# TEFL Thailand



## bertie.sledger (Oct 20, 2013)

Hi all

Looking to go for a 5 month internship teaching in Thailand. Has anyone seen or heard of SEE TEFL?

They sound reputable but would like further advice from people.

Many thanks


----------



## joseph44 (May 4, 2011)

I've heard of SEE TEFL although I've no personal experiences with them.
Usually a TEFL-course takes approx. 6 weeks including the necessary and required 6 hours of teaching practice. 

Maybe there are intern-ships, but after the TEFL course and with the right credentials (at least a Bachelor-degree) you'll find a job pretty easy. 

Apart from teaching English conversation, it is getting more and more common to teach PE, maths and science in English too, so be prepared.


----------



## asianscouser (Feb 14, 2014)

Where are you coming from?
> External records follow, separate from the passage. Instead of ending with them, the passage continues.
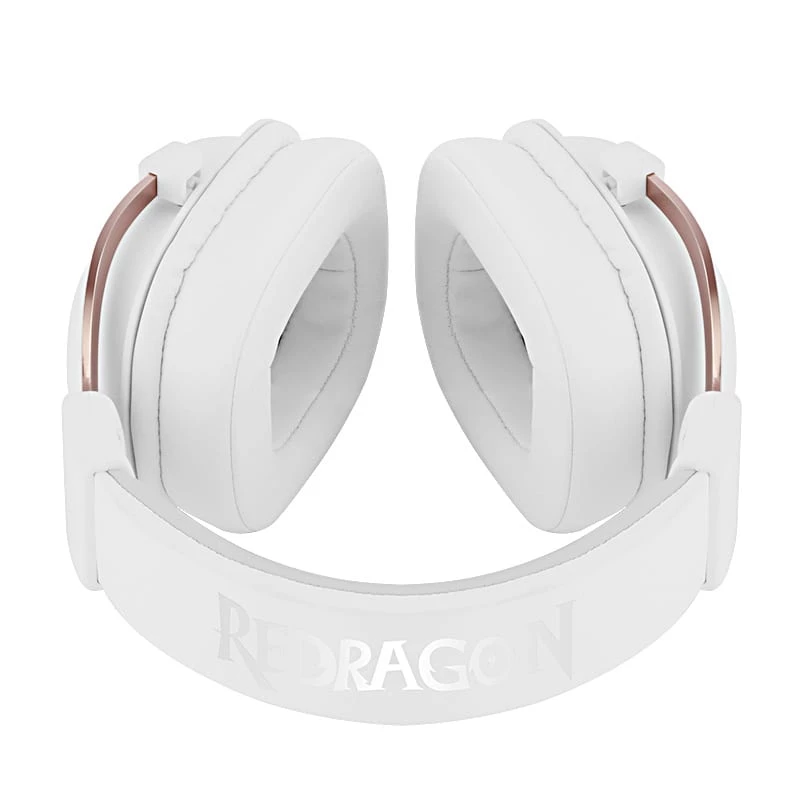 REDRAGON Zeus 2 cuffie da gaming USB - bianco (RD-H510W)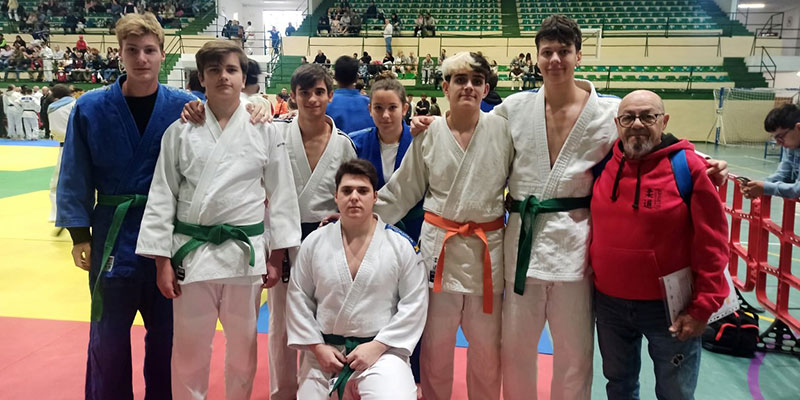 va3387-JUDO-CLUB Cinco medallas para el Judo Club en la Copa de la Federación Valenciana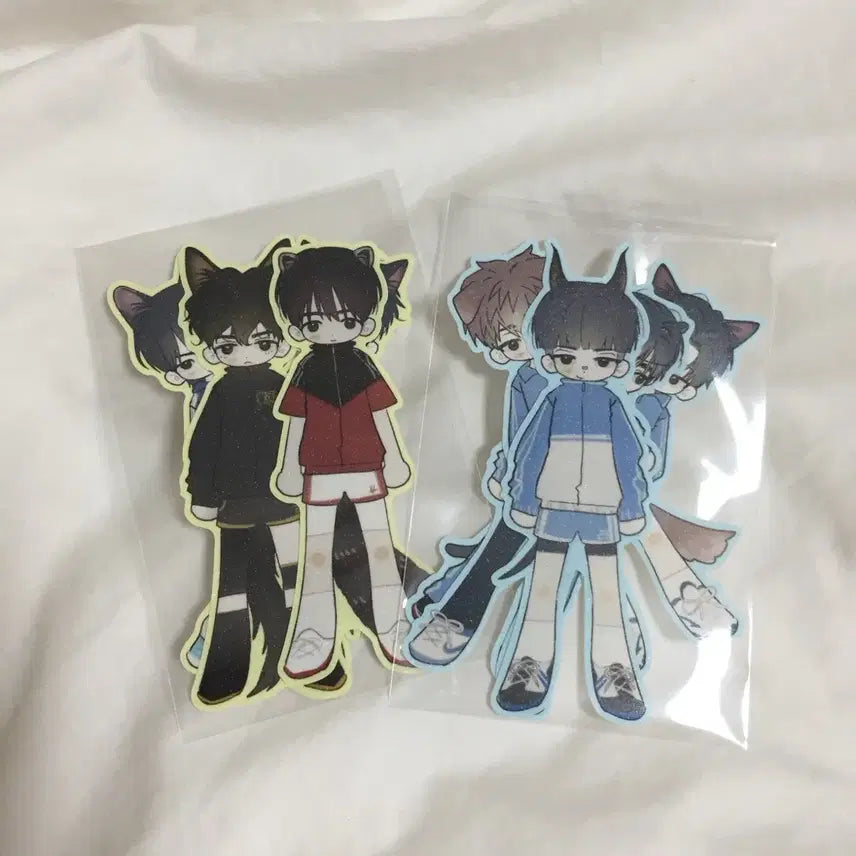 [BUNJANG] Gabitaim Garbage Time Jigsanggo Wonjunggo Joogak Sticker Set / 정배님 가비지타임 지상고 원중고 갑타 조각 스티커 양도 다꾸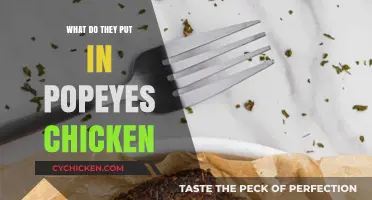 Unveiling Popeyes Chicken: Secret Ingredients and Flavorful Recipe Breakdown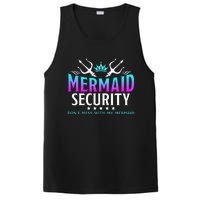 Mermaid Security Family Birthday Halloween Costume PosiCharge Competitor Tank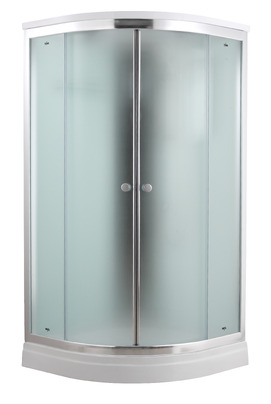Душевая кабина Timo Comfort T-8801F Fabric Glass 100x100 стекло матовое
TEFL have various courses with various prices, the best one is to contact is in Thailand itself Google it,i think its around 1400 Usd with a supposed Guaranteed job once you have completed the course, a friend of mine paid more for a course through UK TEFL and his job was only guaranteed if he went out and looked for it, i suggest you contact TEFL in Thailand. Then you can give my wife some free lessons  Im English BUT not much of a teacher, haha Anyway , good luck, let me know how you get on! Regards. Ken ( UK Expat )


----------



## joseph44 (May 4, 2011)

I AM from Holland and I COME from the bathroom. 
I am a qualified TEFL teacher and I've been active in TEFL-teacher-education in Thailand.
So please..................


----------